Morowali, Kompas
”Masalah tuntutan pemekaran ini sesungguhnya sudah mengganggu. Apa pun yang dilakukan pemerintah kabupaten selalu dibawa ke soal pemekaran. Bahkan, kami sudah dianggap pemerintah kabupaten tetangga. Jadi memang persoalannya pelik. Ini juga terus jadi benih konflik. Jadi kami mendesak pemerintah pusat agar serius menanggapi soal pemekaran Morowali Utara,” kata Bupati Morowali Anwar Hafid di Bungku, Minggu (27/2).
Kisruh berawal dari mekarnya Kabupaten Morowali dari Kabupaten Poso. Dalam Undang-Undang Nomor 51 Tahun 1999 tentang Pemekaran Kabupaten Morowali, Buol, dan Banggai Kepulauan disebutkan ibu kota Morowali di Bungku. Namun, sembari mempersiapkan infrastruktur di Bungku, ibu kota berada di Kolonodale, ibu kota Kecamatan Petasia. Saat pemindahan ibu kota tahun 2007, warga di Petasia dan sekitarnya menolak. Warga di enam kecamatan itu meminta berdiri sendiri menjadi Kabupaten Morowali Utara.

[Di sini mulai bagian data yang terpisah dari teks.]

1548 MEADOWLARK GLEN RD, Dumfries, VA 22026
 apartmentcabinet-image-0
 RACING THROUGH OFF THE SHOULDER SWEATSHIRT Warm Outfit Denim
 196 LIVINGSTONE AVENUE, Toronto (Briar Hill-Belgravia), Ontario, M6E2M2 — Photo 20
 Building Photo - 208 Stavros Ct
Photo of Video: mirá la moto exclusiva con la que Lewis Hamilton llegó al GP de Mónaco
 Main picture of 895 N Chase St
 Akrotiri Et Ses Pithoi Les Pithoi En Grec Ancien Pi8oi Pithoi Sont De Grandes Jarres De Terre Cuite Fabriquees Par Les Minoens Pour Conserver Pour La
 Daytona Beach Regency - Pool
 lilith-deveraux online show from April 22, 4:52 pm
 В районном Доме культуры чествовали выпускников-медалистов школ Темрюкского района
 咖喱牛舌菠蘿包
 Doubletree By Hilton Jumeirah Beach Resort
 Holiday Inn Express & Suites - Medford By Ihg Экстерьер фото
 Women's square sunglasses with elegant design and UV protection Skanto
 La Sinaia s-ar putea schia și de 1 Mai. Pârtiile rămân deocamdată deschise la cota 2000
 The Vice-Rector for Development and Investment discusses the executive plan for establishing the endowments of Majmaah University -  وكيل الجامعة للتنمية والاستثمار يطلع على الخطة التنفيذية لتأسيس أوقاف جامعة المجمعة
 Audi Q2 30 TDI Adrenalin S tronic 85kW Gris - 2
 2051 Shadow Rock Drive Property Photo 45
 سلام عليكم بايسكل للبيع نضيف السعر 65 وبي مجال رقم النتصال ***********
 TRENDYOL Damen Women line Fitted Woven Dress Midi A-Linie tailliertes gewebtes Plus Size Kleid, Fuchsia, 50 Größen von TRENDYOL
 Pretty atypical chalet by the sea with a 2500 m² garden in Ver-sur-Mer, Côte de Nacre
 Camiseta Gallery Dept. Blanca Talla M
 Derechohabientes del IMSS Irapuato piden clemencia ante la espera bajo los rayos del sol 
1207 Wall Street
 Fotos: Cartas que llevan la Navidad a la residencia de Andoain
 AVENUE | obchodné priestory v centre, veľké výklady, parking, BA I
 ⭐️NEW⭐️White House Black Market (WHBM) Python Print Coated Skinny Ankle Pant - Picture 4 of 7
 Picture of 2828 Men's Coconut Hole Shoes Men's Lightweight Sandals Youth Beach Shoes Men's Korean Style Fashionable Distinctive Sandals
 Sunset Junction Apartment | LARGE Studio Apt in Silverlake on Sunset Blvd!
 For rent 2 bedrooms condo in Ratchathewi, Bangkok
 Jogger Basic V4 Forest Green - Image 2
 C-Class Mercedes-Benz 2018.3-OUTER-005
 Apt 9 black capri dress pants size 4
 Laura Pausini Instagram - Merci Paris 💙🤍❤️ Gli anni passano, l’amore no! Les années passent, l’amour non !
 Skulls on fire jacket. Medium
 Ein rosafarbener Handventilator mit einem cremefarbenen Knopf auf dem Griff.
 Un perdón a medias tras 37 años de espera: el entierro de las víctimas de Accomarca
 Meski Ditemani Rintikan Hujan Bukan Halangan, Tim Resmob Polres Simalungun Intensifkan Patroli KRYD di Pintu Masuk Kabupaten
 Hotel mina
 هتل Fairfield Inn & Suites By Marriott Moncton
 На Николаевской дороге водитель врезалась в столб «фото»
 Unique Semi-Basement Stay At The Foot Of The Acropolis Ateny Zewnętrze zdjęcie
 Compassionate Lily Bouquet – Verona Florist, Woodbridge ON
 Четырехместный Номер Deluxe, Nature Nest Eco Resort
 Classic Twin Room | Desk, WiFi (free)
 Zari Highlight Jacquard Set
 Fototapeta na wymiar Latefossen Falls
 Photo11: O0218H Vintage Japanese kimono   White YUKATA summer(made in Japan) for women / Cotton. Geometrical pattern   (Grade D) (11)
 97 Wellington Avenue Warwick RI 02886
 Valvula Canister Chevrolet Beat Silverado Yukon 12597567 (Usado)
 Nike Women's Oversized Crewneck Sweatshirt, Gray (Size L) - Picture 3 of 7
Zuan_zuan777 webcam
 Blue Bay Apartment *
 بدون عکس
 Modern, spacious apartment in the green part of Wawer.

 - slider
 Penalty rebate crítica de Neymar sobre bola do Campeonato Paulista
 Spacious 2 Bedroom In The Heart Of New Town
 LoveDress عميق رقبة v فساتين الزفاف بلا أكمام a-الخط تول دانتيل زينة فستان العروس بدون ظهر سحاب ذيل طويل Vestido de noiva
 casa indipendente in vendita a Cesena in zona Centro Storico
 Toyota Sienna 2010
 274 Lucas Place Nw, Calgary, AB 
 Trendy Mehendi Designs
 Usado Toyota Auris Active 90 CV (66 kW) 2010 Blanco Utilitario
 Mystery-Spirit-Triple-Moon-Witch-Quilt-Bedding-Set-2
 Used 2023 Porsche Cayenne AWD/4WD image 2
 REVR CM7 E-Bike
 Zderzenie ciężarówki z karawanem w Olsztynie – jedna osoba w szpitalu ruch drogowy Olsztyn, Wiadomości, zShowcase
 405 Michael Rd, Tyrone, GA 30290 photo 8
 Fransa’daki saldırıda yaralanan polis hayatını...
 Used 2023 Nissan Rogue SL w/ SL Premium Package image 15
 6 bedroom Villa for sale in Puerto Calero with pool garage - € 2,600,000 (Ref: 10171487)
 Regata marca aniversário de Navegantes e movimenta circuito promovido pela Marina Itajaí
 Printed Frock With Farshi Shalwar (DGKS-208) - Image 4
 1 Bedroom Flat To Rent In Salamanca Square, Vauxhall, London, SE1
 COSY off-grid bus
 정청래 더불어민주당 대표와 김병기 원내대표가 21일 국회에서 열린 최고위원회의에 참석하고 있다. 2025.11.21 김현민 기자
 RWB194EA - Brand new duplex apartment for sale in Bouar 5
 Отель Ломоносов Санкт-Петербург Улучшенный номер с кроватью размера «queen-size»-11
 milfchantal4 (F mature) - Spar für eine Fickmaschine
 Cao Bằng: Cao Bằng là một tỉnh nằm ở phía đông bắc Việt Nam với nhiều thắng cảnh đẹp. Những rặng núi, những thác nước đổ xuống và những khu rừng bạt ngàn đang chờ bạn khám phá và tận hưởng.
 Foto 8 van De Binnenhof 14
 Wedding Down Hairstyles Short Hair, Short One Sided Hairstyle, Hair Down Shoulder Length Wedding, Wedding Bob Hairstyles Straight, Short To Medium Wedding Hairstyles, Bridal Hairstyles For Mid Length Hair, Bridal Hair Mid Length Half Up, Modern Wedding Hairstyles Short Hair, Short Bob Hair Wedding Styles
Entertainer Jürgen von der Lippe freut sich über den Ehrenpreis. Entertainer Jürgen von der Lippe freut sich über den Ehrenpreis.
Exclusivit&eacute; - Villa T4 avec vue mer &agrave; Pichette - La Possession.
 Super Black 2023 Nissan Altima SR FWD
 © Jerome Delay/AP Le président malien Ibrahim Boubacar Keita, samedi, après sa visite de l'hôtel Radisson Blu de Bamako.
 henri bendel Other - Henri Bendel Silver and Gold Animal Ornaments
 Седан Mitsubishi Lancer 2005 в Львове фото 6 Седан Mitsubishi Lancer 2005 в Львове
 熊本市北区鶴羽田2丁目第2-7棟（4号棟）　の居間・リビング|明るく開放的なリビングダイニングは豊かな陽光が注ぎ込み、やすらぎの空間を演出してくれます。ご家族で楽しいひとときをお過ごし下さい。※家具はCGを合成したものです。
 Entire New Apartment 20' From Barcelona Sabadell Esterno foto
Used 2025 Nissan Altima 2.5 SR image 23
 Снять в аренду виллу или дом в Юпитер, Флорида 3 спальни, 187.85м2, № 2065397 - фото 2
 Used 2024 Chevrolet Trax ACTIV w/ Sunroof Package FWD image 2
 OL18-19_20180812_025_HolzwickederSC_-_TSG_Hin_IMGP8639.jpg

Saat pemindahan ibu kota kabupaten ke Bungku, kantor bupati dan gedung DPRD sementara yang dibangun di Kolonodale hampir rampung. Sejumlah perkantoran juga sudah ada, termasuk rumah jabatan bupati. Saat ini aset itu sia-sia. Nilai bangunan yang telantar ini mencapai puluhan miliar rupiah. Kantor bupati dan gedung DPRD menghabiskan dana Rp 10 miliar lebih.
Luas Kabupaten Morowali sekitar 15.000 kilometer persegi, dengan panjang pantai 800 km, meliputi Teluk Tomori dan Teluk Tolo. Jarak dari Moro atau Mori Atas dengan Bungku, ibu kota Morowali, 300-400 km. Bahkan Petasia, yang jadi ibu kota pertama Morowali, berjarak sekitar 150 km dengan Bungku.
Warga di Petasia tetap ingin pemekaran jadi Morowali Utara. ”Bungku terlalu jauh bagi warga di kecamatan Petasia, Mori, Beteleme, dan lainnya. Pelayanan pemerintah juga terbatas karena sudah jauh, kondisi jalan juga rusak,” kata Syamsuddin (40), warga Kolonodale.